[Recorded data]

▼▼▼

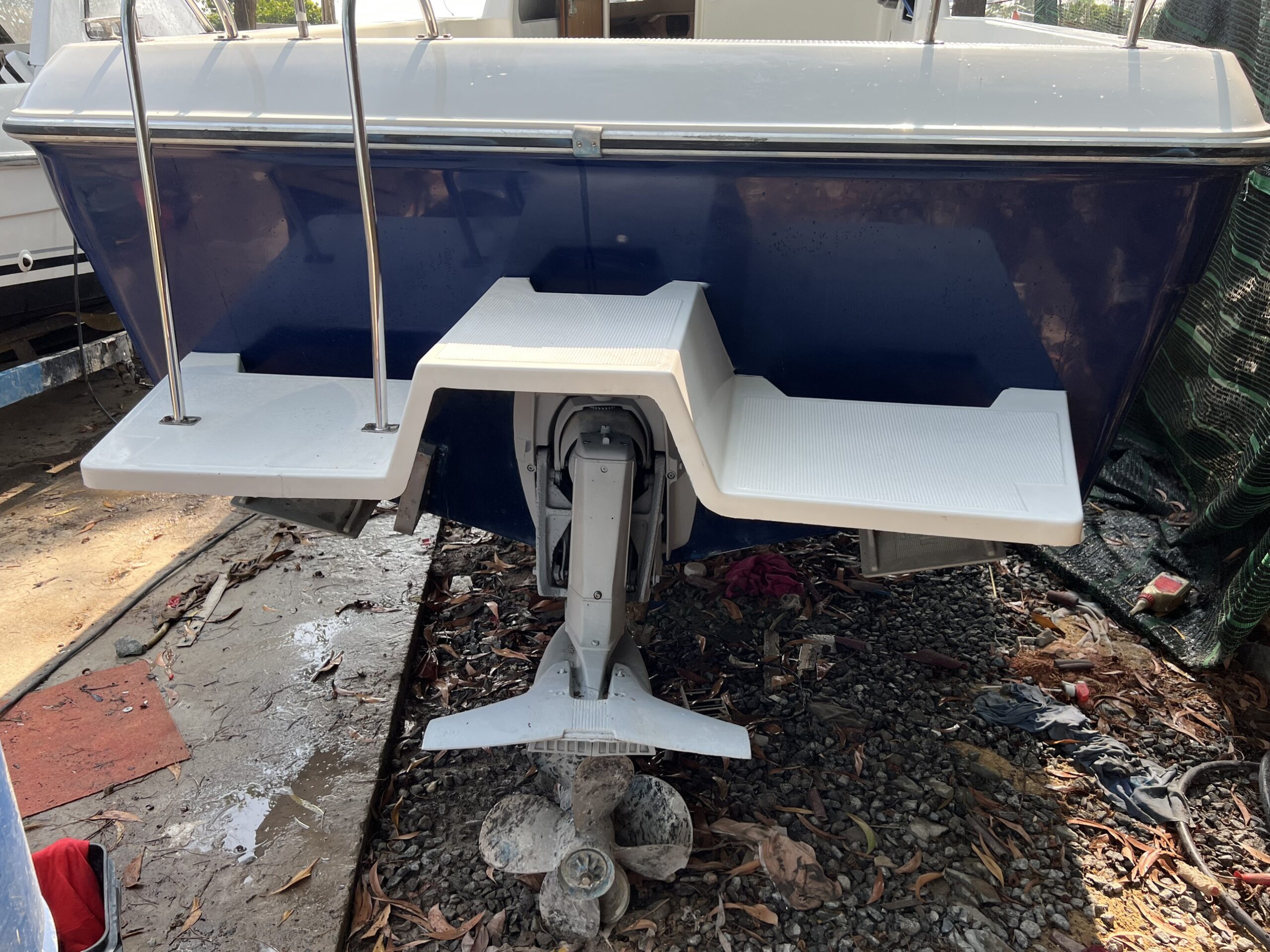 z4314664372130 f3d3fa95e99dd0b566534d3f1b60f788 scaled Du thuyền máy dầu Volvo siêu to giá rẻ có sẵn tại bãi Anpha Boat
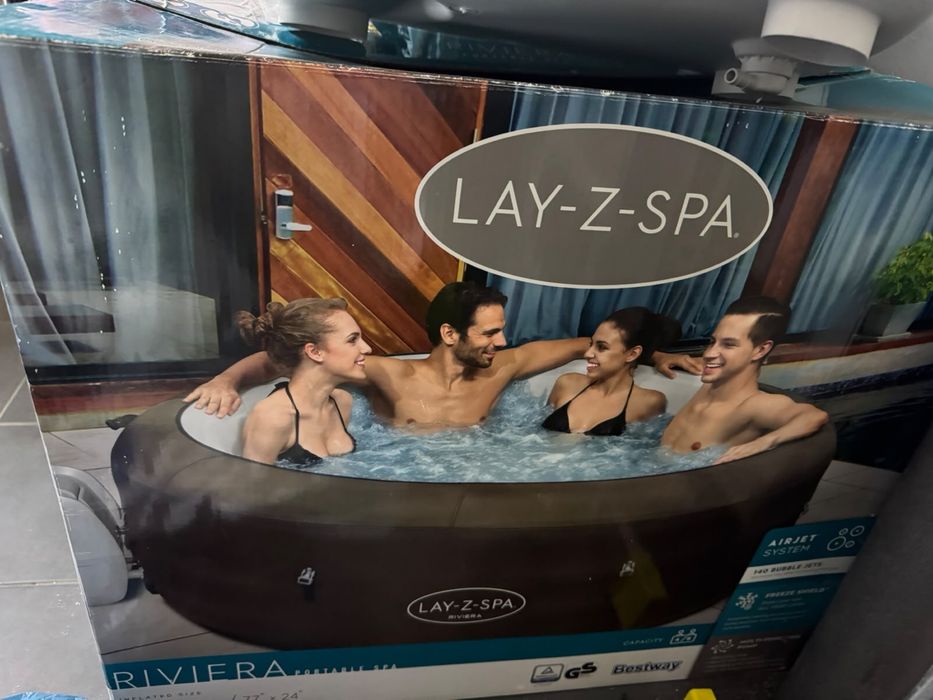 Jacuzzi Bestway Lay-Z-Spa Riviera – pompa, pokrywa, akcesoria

▲▲▲
▼▼▼

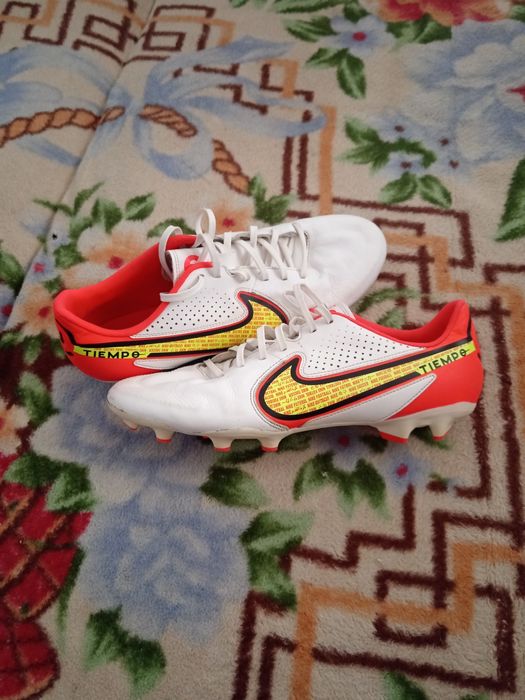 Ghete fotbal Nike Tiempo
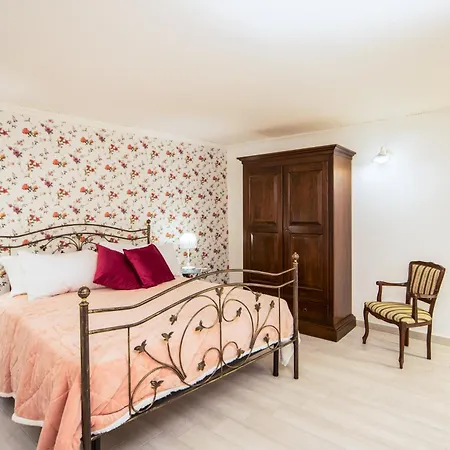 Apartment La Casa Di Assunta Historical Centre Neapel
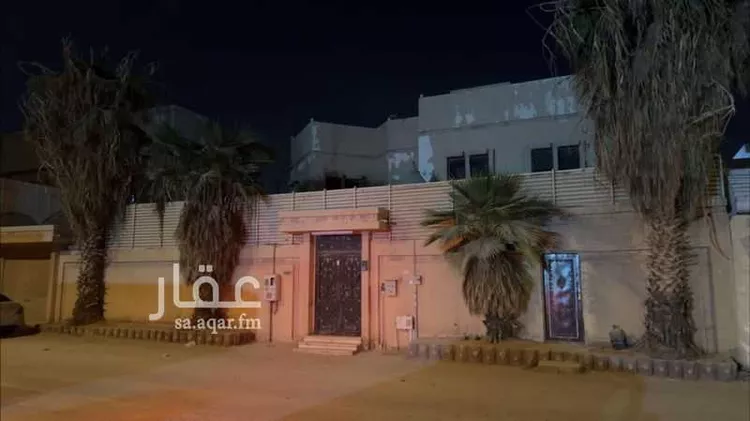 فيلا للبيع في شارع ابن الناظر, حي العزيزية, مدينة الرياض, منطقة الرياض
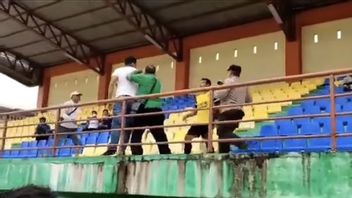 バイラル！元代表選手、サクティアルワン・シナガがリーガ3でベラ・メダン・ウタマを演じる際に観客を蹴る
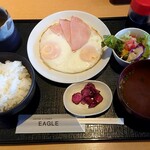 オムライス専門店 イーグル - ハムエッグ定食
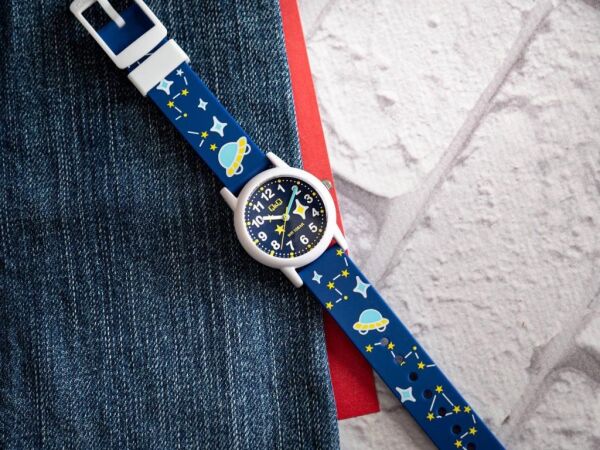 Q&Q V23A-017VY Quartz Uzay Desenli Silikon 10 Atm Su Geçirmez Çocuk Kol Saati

▲▲▲

[Exercise instructions] What's needed is an exact copy of the records above from the line containing "Ghete fotbal Nike Tiempo" down to the line containing "Q&Q V23A-017VY Quartz", both included, without any pictures.

[Exercise result]
 Ghete fotbal Nike Tiempo
 Apartment La Casa Di Assunta Historical Centre Neapel
 فيلا للبيع في شارع ابن الناظر, حي العزيزية, مدينة الرياض, منطقة الرياض
 バイラル！元代表選手、サクティアルワン・シナガがリーガ3でベラ・メダン・ウタマを演じる際に観客を蹴る
 オムライス専門店 イーグル - ハムエッグ定食
 Q&Q V23A-017VY Quartz Uzay Desenli Silikon 10 Atm Su Geçirmez Çocuk Kol Saati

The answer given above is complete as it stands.